Nada quedaba de la humilde cabaña. Entre las cenizas, los curiosos señalaban los humeantes huesos de los que habían ardido en su interior. Cuando la inminente lluvia apagara los rescoldos, recogerían los restos y les darían digna sepultura.
Dana permaneció horas de pie ante el
rath
calcinado, se negaba a regresar a la barca. Habían llegado tarde; nadie en la aldea había visto a Oswio desde la tarde anterior. No había supervivientes.
Finalmente, como una criatura sin voluntad, se dejó arrastrar por Eber al puerto y emprendieron bajo la lluvia el viaje de regreso. A su espalda, la isla se hallaba envuelta en una espesa niebla cargada de humedad. Por fortuna, el mar estaba tranquilo. Pasarían la noche resguardados en Antrin y luego regresarían por el mismo derrotero: hacia el oeste y después al sur.
Dana no habló en toda la travesía. La compasiva mirada del monje no lograba insuflarle el menor atisbo de ánimo, su mente lastimada no hallaba razones para aferrarse a su desgraciada existencia y veía en aquellas aguas grises una fría cura para su aflicción, la puerta a un olvido ansiado. Eber, intuyendo el sendero dramático que podía tomar la desesperación de la joven, la vigilaba discretamente.
Pero en el légamo del dolor flotaban extrañas preguntas que ninguno de los dos pronunció en voz alta; una duda execrable se añadía a los misterios que envolvían San Columbano…
Eithne se despertó empapada en sudor frío. Notaba una opresión en el pecho y se incorporó con una sensación angustiosa, intangible. En el centro de su pequeño
rath
, el fuego se había convertido en un montículo de cenizas humeantes. Se acercó al calor de los rescoldos enterrados mientras la lluvia golpeaba sobre la techumbre de bálago, tan empapada que en algunos rincones el agua ya goteaba rítmicamente sobre la paja del suelo.

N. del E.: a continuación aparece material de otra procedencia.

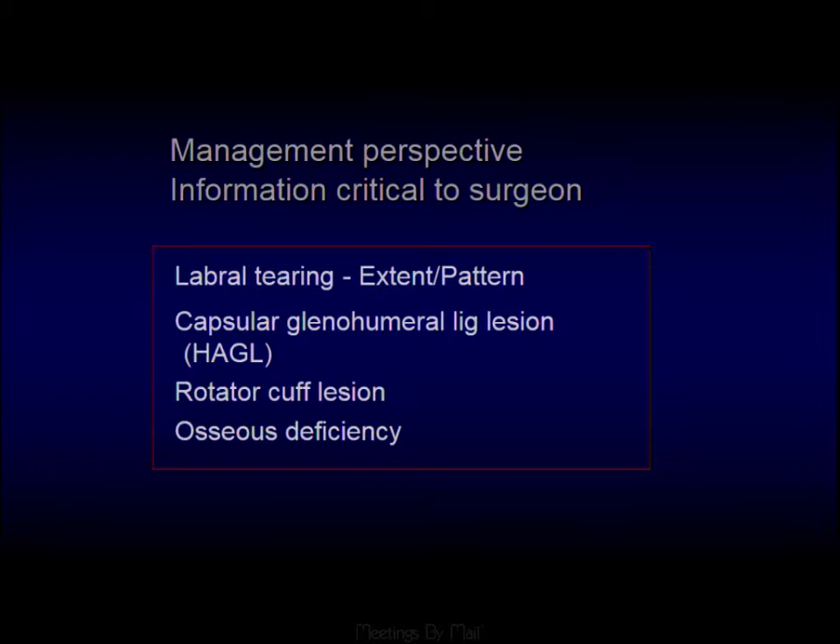What the surgeon really wants to know is not so much the eponymous names — the ALPSAs, the Perthes, the GLOMs, the GLADs — but mainly: Is there a labral tear? What's the extent of the tear? Is the labrum displaced? Is there any glenohumeral ligament tear? And is there a cuff abnormality or a bony defect? At its core, it's simply: is there a labral tear, and what is the extent?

Debía salir, pero una parte de ella se resistía. Se sentía vieja y cansada. Durante sus años como druidesa se había enfrentado a muchas situaciones críticas, delicadas, pero había confiado en gozar de una vejez plácida, disfrutando del respeto de sus hermanos y de la serenidad del bosque. Pensó en Dana y sintió una oleada de tristeza. El viaje en busca de Calhan no había resultado dichoso, algo que ella había vaticinado en el ritual del
coelbreni
pero que prefirió callar. Uno de los cuatro palitos de tejo con inscripciones en Ogham, al ser lanzado con el resto, había salido despedido y la punta se había quemado en un brasero cercano; un signo funesto.
Enseguida le vino a la mente Brigh. Desde que la vio, pensó que por fin había encontrado a su sucesora. Tenía la edad justa para iniciarla en el complejo proceso del «conocimiento del roble» y habilidades que superaban con creces las de todos los druidas que había conocido, incluida ella, pero algo se había interpuesto. Una sombra intangible aparecía en sus visiones arrastrándola, seduciéndola…

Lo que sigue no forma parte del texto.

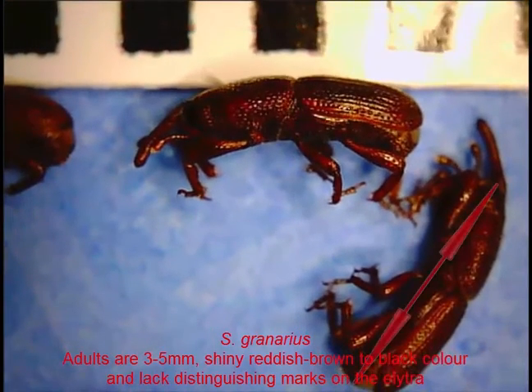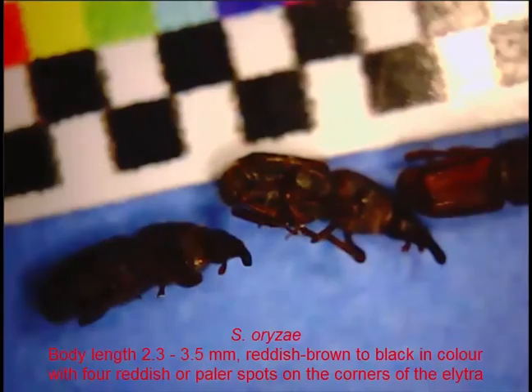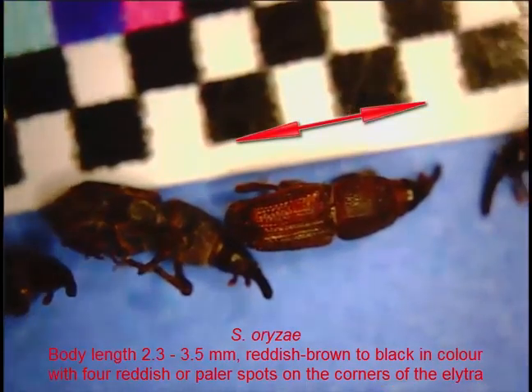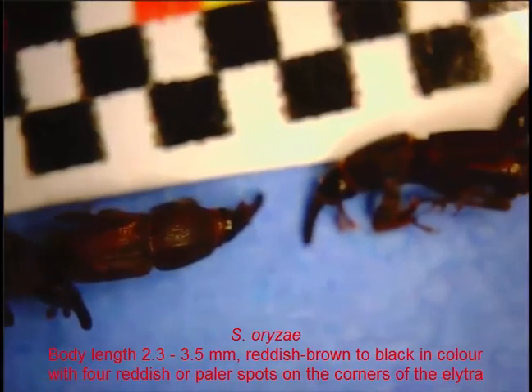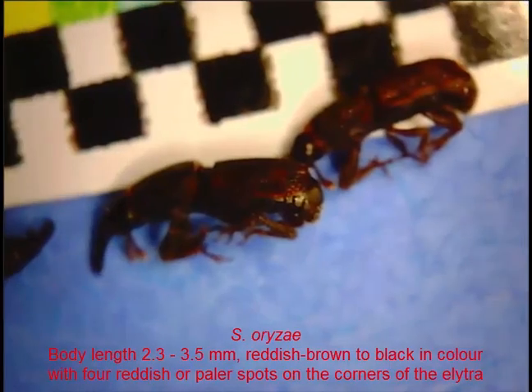Size is a pretty good differentiator for Sitophilus granarius, but the other two species, Oryzae and Zeamais, can be fairly similar in size. The smallest is usually Oryzae, which usually comes in at 2.3 to 3.5 millimetres. These specimens here are all under three millimetres.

Se estremeció. Aquellas reflexiones la desviaban de la causa de su desazón al despertar: esa noche el bosque había gemido y una fuerte oleada de dolor se había esparcido por él como las ondulaciones en el agua. Todos confiaban en ella. No podía quedarse en el
rath
y desatender aquel aviso.
Mientras se mojaba el rostro con el agua de una tinaja, oyó pasos en el exterior y un momento después el viejo Finn abrió la puerta de madera. Parecía haber envejecido cien años desde la tarde anterior. Eithne se alegró de tenerlo cerca, lamentaba no haberlo conocido unas décadas antes y haber podido bañarse desnuda con él en el estanque del rey Conchobar, amarlo en esas sagradas aguas ocultas en el corazón del bosque, como había hecho con tantos amantes en su juventud. Por el contrario, sin los avatares azarosos de la pasión, se había establecido entre ambos un vínculo indestructible, basado en la confianza, el cariño y el mutuo respeto. Juntos se habían erigido como líderes de la comunidad druídica, pero en momentos como aquél habría preferido renunciar a tanta responsabilidad, tomar su mano sarmentosa, conducirlo al lecho y acostarse junto a él, en silencio, buscando el calor de su cuerpo ajado, falto de vigor pero lleno de calma y paz.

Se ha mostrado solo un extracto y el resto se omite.